2-Memória de trabalho é a capacidade de
se armazenar temporariamente as informações e as incorporar a outros estímulos
do meio ambiente, ou seja, poder buscar uma informação na memória de longo
prazo, facilitando seu resgate quando necessário. Tem um papal fundamental na
capacidade de compreender o que se está lendo, o que se está a aprender e na
capacidade de manter o raciocínio com logicidade. É ela que dá sentido aos
acontecimentos, evocando eventos já armazenados e integrando com os novos que
se está a prender.
3-Flexibilidade cognitiva é a
capacidade em alternar o foco, mudar de atividade ou de planos: se um caminho
escolhido não traz resultados positivos, outro caminho é elaborado e
percorrido. É a capacidade de mudar de planos em decorrência da demanda imposta
pelo meio a que está inserido.
Como se pode observar nas falas de Rotta (2006 ),
Diamond(2007) e Barkley (2001), as habilidades simples que se requer nas
atividades escolares podem ser alteradas, por exemplo, por ausência do controle
inibitório: se eu não paro, não presto atenção e assim a habilidade executiva
que tem como função selecionar, dentre vários estímulos distratores o que é
relevante (atenção seletiva), fica prejudicada e me distraio em sala de aula.
Outra habilidade que exerce grande influência no
desempenho escolar é a memória de trabalho: ela me faculta a compreensão do que
está sendo aprendido, por evocar o que já aprendi e me facilitar também a
compreensão do que estou lendo.
Da mesma maneira, ser flexível me viabiliza novas
possibilidade e planejar qual caminho ou rota devo seguir para obter sucesso.
Se o comportamento é rígido, não saio do lugar, não aceito novas possibilidades
e continuo fazendo do mesmo jeito, mesmo percebendo que o caminho escolhido não
é o melhor a ser adotado. Outro comportamento observado na ausência de
flexibilidade na escola é a dificuldade de me adaptar a mudança ou planos em
sala de aula, em trabalhos em grupos onde escutar o outro e mudar planos se faz
necessário para que obtenhamos sucesso. ROTTA (2006 ), DIAMOND(2007) E BARKLEY
(2001)
A relação das habilidades executivas e o bom
desempenho acadêmico tem sido evidenciado por diversos autores: Capovilla
(2008), Dias(2010), Gathercole et al (2006) comprovaram que o controle da
atenção e a autorregulação são predistores de bom desempenho escolar em
disciplinas como as de matemática e linguagem.

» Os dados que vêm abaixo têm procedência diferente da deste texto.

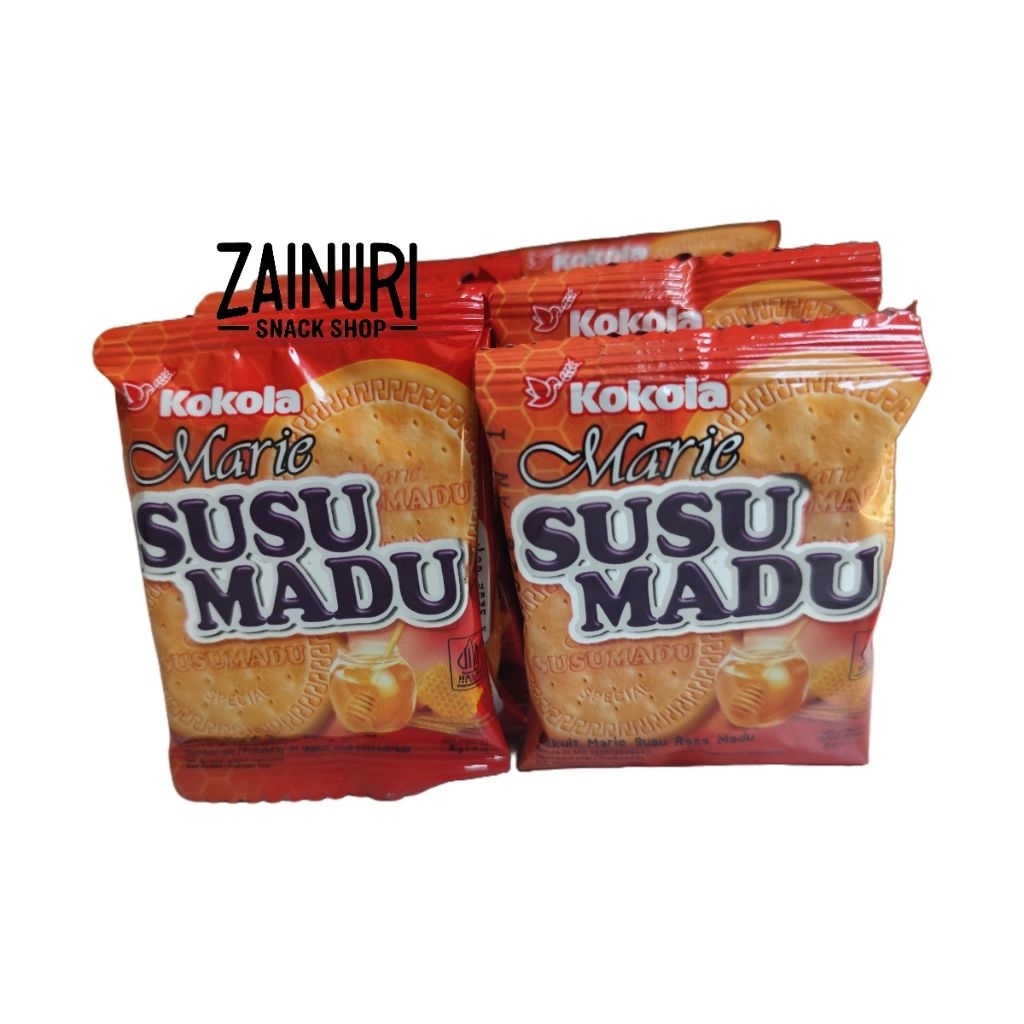 Kokola Marie Susu Madu 1 Renteng (Isi 10 Pcs x 8gr)
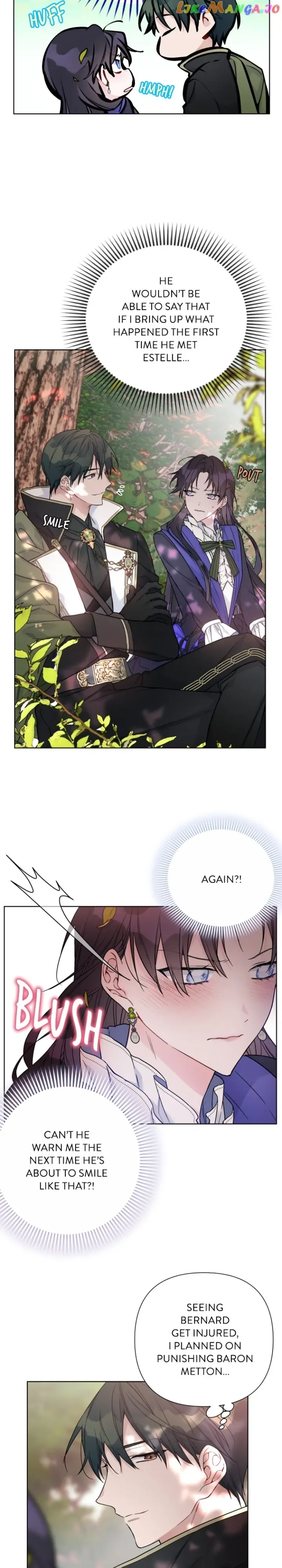The Way That Knight Lives As a Lady Chapter 94 page 25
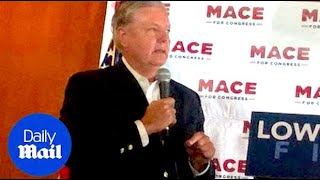 Lindsey Graham says he'll 'lead the charge' to replace Ginsburg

Gathercole et al (2006) evidenciaram que a memória
de trabalho influencia diretamente sobre a leitura, prejudicando a memória de
curto prazo visoespacial, interferindo diretamente na linguagem, consciência
fonológica e memória de curto prazo fonológica. Impacto que pode ser
evidenciado no não cumprimento de uma tarefa escolar, por dificuldades de
manter-se focado e terminá-la dentro do tempo estabelecido.
Outros estudos vieram comprovar a relação das
habilidades executivas bem desenvolvidas e o êxito no contexto acadêmico.
DIAMOND(2007), DIAS(2010)
Crianças na fase pré- escolar com controle
inibitório e autorregulação já bem desenvolvidas conseguem compreender melhor
ordens e seguirem regras, facilitando a aprendizagem e o desejo em realizar
tais tarefas. DIAMOND(2012)
Com base nesses dados fica aqui um questionamento:
por que não estimular as habilidades executivas em sala de aula? Não seria uma
forma de preparamos nossos estudantes a terem sucesso acadêmico e em sua vida?
Na literatura vários métodos de estimulação das
habilidades executivas já se encontram disponíveis e um estudo criterioso de
qual melhor método a ser utilizado pelas escolas (inserido em sua
metodologia) deveria fazer parte de discussões entre os educadores.
Fica aqui uma reflexão: a quem caberá esse novo
olhar, aos terapeutas, aos pais ou a escola? Uma ação em conjunto sem
dúvida traria benefícios a nossas crianças e melhoraria o fazer acadêmico,
evitando repetências e a evasão escolar.